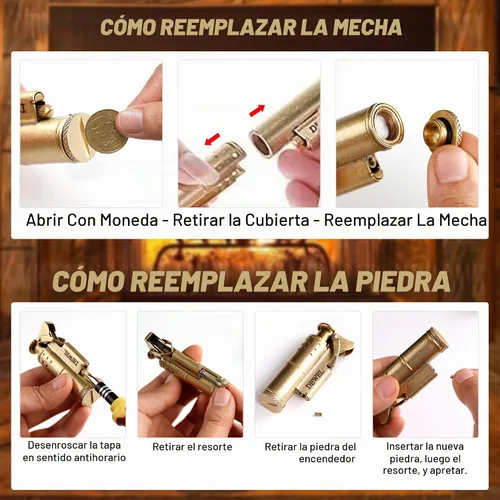Vista 6 de Encendedor de rueda vintage de cobre y latón - Reutilizable, resistente al viento, presión fría - Regalo de cumpleaños único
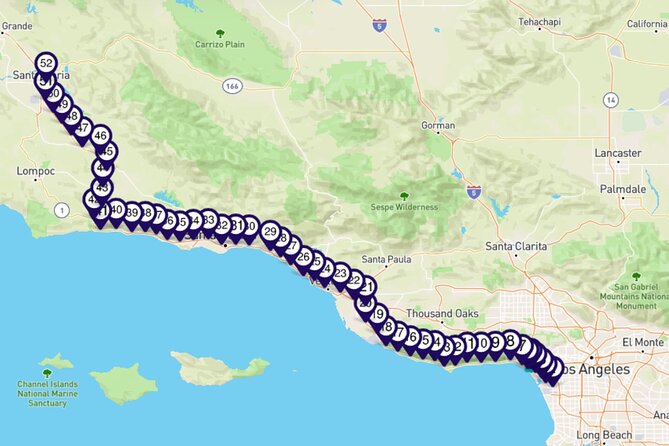 Pacific Coast Highway: Smartphone Audio Tour, LA to Santa Maria - Overview of the Tour Route
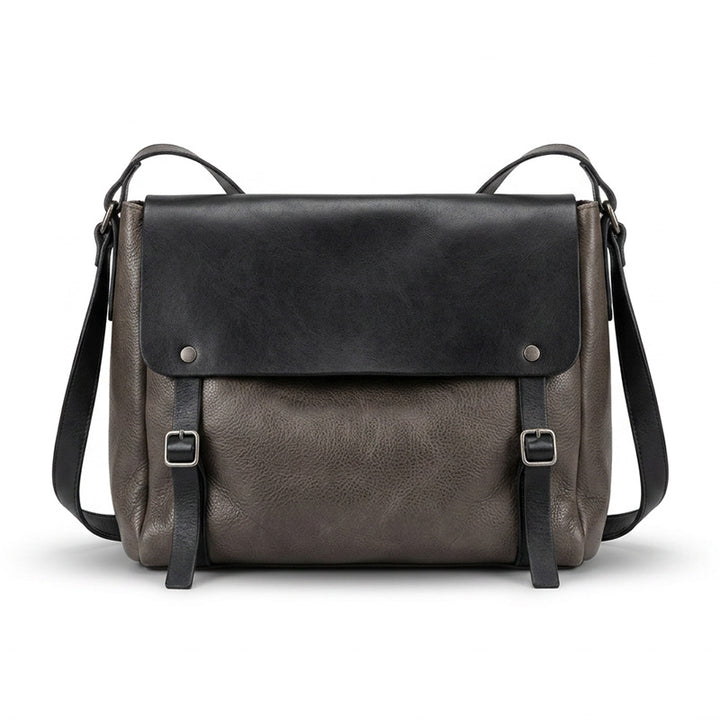 Vegetable Tanned Leather Messenger Bag Vintage Flap Crossbody Laptop Bag 13"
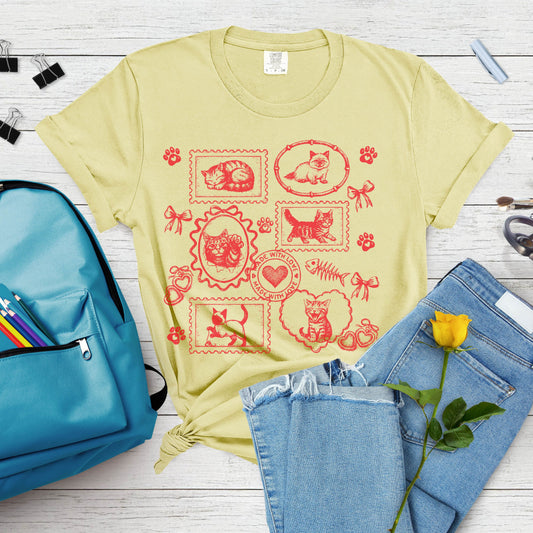 Cats Vintage Style Gallery Yellow Unisex T-Shirt-Set 2.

Task brief:
Write out the material above without changing a word, and skip any picture.

Reply to the exercise:
Vista 6 de Encendedor de rueda vintage de cobre y latón - Reutilizable, resistente al viento, presión fría - Regalo de cumpleaños único
 Pacific Coast Highway: Smartphone Audio Tour, LA to Santa Maria - Overview of the Tour Route
 Vegetable Tanned Leather Messenger Bag Vintage Flap Crossbody Laptop Bag 13"
 Cats Vintage Style Gallery Yellow Unisex T-Shirt-Set 2.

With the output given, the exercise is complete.